[Excerpted records]
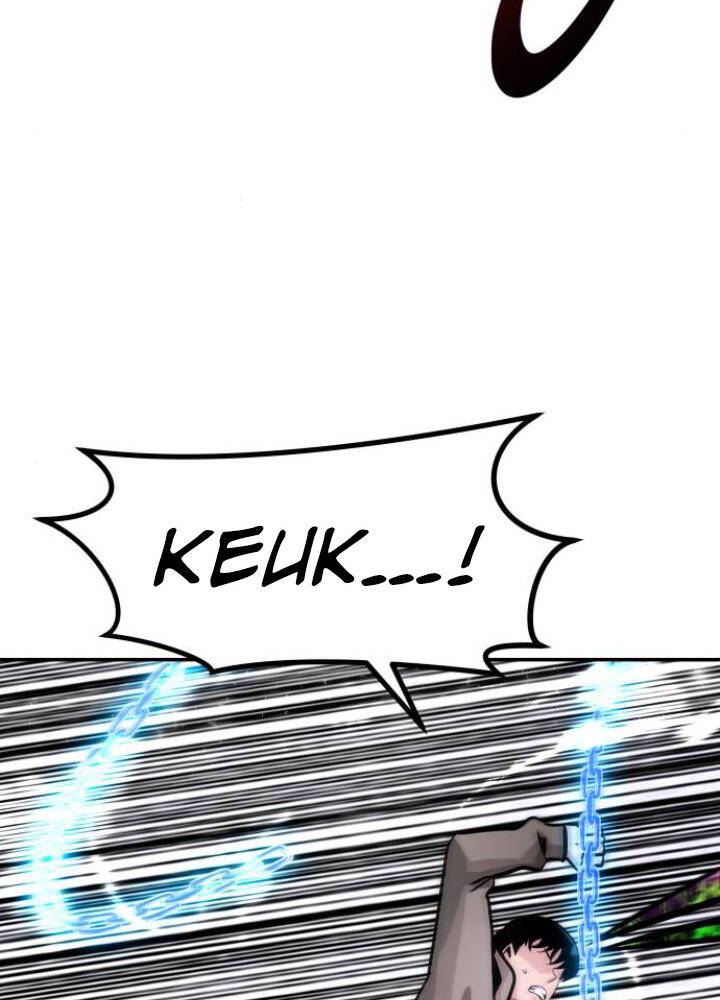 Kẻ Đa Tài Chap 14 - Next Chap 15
==
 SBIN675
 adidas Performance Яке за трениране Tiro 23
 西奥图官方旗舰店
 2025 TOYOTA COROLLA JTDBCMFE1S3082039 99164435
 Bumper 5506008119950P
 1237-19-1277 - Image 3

[What you should do] The stretch of entries above that starts with the line containing "adidas Performance Яке за трениране Tiro 23" and goes on through the line containing "1237-19-1277 - Image 3" is to be transcribed exactly, and no other line is to be transcribed.

[Reply]
 adidas Performance Яке за трениране Tiro 23
 西奥图官方旗舰店
 2025 TOYOTA COROLLA JTDBCMFE1S3082039 99164435
 Bumper 5506008119950P
 1237-19-1277 - Image 3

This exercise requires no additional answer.